### WHAT YOU HAVE TO DO
The answer must consist of the records below, repeated exactly.

### DATA FOR ANALYSIS
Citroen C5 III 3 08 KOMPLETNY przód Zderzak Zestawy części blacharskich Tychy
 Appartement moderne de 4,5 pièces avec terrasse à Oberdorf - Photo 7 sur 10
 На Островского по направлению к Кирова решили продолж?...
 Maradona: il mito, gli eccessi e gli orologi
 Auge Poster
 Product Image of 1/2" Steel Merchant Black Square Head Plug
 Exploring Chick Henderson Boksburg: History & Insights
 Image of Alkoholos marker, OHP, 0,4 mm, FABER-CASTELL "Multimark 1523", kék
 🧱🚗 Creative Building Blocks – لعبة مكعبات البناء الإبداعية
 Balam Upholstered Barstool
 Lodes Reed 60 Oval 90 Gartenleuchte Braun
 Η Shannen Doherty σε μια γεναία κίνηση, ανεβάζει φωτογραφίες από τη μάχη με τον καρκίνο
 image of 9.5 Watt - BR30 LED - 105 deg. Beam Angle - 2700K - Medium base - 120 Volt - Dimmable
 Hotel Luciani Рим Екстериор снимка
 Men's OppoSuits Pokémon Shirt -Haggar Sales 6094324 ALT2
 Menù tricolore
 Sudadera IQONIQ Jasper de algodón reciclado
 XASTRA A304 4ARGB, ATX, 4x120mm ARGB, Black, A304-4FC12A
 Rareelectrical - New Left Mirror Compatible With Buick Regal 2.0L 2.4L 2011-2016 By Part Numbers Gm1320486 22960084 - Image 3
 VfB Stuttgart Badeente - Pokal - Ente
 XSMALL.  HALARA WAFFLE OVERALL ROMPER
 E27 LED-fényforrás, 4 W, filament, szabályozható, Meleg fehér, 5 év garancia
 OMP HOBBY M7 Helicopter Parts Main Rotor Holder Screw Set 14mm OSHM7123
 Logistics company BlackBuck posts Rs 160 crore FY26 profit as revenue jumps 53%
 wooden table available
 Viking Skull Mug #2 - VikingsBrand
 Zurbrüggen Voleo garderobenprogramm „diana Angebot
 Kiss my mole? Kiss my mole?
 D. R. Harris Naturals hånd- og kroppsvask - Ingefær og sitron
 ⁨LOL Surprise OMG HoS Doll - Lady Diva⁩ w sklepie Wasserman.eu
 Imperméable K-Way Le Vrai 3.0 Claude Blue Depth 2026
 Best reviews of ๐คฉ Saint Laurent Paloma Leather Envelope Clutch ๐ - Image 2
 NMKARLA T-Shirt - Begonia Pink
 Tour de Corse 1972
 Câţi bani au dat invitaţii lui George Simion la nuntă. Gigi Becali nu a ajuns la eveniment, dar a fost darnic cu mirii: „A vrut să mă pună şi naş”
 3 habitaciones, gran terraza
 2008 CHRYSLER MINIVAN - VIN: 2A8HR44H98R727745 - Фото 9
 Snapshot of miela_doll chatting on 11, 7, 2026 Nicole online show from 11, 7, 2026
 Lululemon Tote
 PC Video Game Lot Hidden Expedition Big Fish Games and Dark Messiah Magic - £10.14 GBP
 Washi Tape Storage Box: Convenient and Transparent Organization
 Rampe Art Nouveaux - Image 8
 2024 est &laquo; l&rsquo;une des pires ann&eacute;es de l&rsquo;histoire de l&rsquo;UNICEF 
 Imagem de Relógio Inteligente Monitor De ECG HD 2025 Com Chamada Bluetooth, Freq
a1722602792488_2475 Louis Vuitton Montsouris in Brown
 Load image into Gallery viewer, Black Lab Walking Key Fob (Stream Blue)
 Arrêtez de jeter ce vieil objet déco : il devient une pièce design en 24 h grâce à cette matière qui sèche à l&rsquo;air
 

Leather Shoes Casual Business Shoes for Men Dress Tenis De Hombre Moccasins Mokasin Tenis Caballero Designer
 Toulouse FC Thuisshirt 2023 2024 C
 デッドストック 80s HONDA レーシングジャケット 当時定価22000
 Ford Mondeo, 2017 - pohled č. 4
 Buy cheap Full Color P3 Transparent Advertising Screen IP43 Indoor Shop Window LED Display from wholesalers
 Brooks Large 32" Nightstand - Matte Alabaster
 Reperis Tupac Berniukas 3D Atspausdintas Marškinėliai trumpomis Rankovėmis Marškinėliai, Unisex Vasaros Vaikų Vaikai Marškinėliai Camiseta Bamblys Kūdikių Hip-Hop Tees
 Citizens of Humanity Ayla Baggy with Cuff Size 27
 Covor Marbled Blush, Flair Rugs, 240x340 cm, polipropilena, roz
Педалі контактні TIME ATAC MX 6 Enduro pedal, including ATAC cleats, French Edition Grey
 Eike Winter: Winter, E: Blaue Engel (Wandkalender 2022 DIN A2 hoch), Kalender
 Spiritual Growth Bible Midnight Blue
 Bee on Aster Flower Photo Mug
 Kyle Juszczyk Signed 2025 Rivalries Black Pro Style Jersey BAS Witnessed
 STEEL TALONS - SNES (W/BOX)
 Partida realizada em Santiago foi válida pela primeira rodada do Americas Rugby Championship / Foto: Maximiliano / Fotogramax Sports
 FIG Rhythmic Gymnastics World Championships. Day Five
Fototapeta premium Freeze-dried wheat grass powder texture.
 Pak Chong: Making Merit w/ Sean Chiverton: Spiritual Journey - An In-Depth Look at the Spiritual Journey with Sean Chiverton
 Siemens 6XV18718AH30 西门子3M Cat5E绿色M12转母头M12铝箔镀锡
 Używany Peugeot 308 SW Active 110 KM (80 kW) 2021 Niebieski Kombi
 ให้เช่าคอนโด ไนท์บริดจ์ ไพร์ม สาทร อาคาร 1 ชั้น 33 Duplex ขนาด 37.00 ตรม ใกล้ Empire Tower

### RESULT
Citroen C5 III 3 08 KOMPLETNY przód Zderzak Zestawy części blacharskich Tychy
 Appartement moderne de 4,5 pièces avec terrasse à Oberdorf - Photo 7 sur 10
 На Островского по направлению к Кирова решили продолж?...
 Maradona: il mito, gli eccessi e gli orologi
 Auge Poster
 Product Image of 1/2" Steel Merchant Black Square Head Plug
 Exploring Chick Henderson Boksburg: History & Insights
 Image of Alkoholos marker, OHP, 0,4 mm, FABER-CASTELL "Multimark 1523", kék
 🧱🚗 Creative Building Blocks – لعبة مكعبات البناء الإبداعية
 Balam Upholstered Barstool
 Lodes Reed 60 Oval 90 Gartenleuchte Braun
 Η Shannen Doherty σε μια γεναία κίνηση, ανεβάζει φωτογραφίες από τη μάχη με τον καρκίνο
 image of 9.5 Watt - BR30 LED - 105 deg. Beam Angle - 2700K - Medium base - 120 Volt - Dimmable
 Hotel Luciani Рим Екстериор снимка
 Men's OppoSuits Pokémon Shirt -Haggar Sales 6094324 ALT2
 Menù tricolore
 Sudadera IQONIQ Jasper de algodón reciclado
 XASTRA A304 4ARGB, ATX, 4x120mm ARGB, Black, A304-4FC12A
 Rareelectrical - New Left Mirror Compatible With Buick Regal 2.0L 2.4L 2011-2016 By Part Numbers Gm1320486 22960084 - Image 3
 VfB Stuttgart Badeente - Pokal - Ente
 XSMALL.  HALARA WAFFLE OVERALL ROMPER
 E27 LED-fényforrás, 4 W, filament, szabályozható, Meleg fehér, 5 év garancia
 OMP HOBBY M7 Helicopter Parts Main Rotor Holder Screw Set 14mm OSHM7123
 Logistics company BlackBuck posts Rs 160 crore FY26 profit as revenue jumps 53%
 wooden table available
 Viking Skull Mug #2 - VikingsBrand
 Zurbrüggen Voleo garderobenprogramm „diana Angebot
 Kiss my mole? Kiss my mole?
 D. R. Harris Naturals hånd- og kroppsvask - Ingefær og sitron
 ⁨LOL Surprise OMG HoS Doll - Lady Diva⁩ w sklepie Wasserman.eu
 Imperméable K-Way Le Vrai 3.0 Claude Blue Depth 2026
 Best reviews of ๐คฉ Saint Laurent Paloma Leather Envelope Clutch ๐ - Image 2
 NMKARLA T-Shirt - Begonia Pink
 Tour de Corse 1972
 Câţi bani au dat invitaţii lui George Simion la nuntă. Gigi Becali nu a ajuns la eveniment, dar a fost darnic cu mirii: „A vrut să mă pună şi naş”
 3 habitaciones, gran terraza
 2008 CHRYSLER MINIVAN - VIN: 2A8HR44H98R727745 - Фото 9
 Snapshot of miela_doll chatting on 11, 7, 2026 Nicole online show from 11, 7, 2026
 Lululemon Tote
 PC Video Game Lot Hidden Expedition Big Fish Games and Dark Messiah Magic - £10.14 GBP
 Washi Tape Storage Box: Convenient and Transparent Organization
 Rampe Art Nouveaux - Image 8
 2024 est &laquo; l&rsquo;une des pires ann&eacute;es de l&rsquo;histoire de l&rsquo;UNICEF 
 Imagem de Relógio Inteligente Monitor De ECG HD 2025 Com Chamada Bluetooth, Freq
a1722602792488_2475 Louis Vuitton Montsouris in Brown
 Load image into Gallery viewer, Black Lab Walking Key Fob (Stream Blue)
 Arrêtez de jeter ce vieil objet déco : il devient une pièce design en 24 h grâce à cette matière qui sèche à l&rsquo;air
 

Leather Shoes Casual Business Shoes for Men Dress Tenis De Hombre Moccasins Mokasin Tenis Caballero Designer
 Toulouse FC Thuisshirt 2023 2024 C
 デッドストック 80s HONDA レーシングジャケット 当時定価22000
 Ford Mondeo, 2017 - pohled č. 4
 Buy cheap Full Color P3 Transparent Advertising Screen IP43 Indoor Shop Window LED Display from wholesalers
 Brooks Large 32" Nightstand - Matte Alabaster
 Reperis Tupac Berniukas 3D Atspausdintas Marškinėliai trumpomis Rankovėmis Marškinėliai, Unisex Vasaros Vaikų Vaikai Marškinėliai Camiseta Bamblys Kūdikių Hip-Hop Tees
 Citizens of Humanity Ayla Baggy with Cuff Size 27
 Covor Marbled Blush, Flair Rugs, 240x340 cm, polipropilena, roz
Педалі контактні TIME ATAC MX 6 Enduro pedal, including ATAC cleats, French Edition Grey
 Eike Winter: Winter, E: Blaue Engel (Wandkalender 2022 DIN A2 hoch), Kalender
 Spiritual Growth Bible Midnight Blue
 Bee on Aster Flower Photo Mug
 Kyle Juszczyk Signed 2025 Rivalries Black Pro Style Jersey BAS Witnessed
 STEEL TALONS - SNES (W/BOX)
 Partida realizada em Santiago foi válida pela primeira rodada do Americas Rugby Championship / Foto: Maximiliano / Fotogramax Sports
 FIG Rhythmic Gymnastics World Championships. Day Five
Fototapeta premium Freeze-dried wheat grass powder texture.
 Pak Chong: Making Merit w/ Sean Chiverton: Spiritual Journey - An In-Depth Look at the Spiritual Journey with Sean Chiverton
 Siemens 6XV18718AH30 西门子3M Cat5E绿色M12转母头M12铝箔镀锡
 Używany Peugeot 308 SW Active 110 KM (80 kW) 2021 Niebieski Kombi
 ให้เช่าคอนโด ไนท์บริดจ์ ไพร์ม สาทร อาคาร 1 ชั้น 33 Duplex ขนาด 37.00 ตรม ใกล้ Empire Tower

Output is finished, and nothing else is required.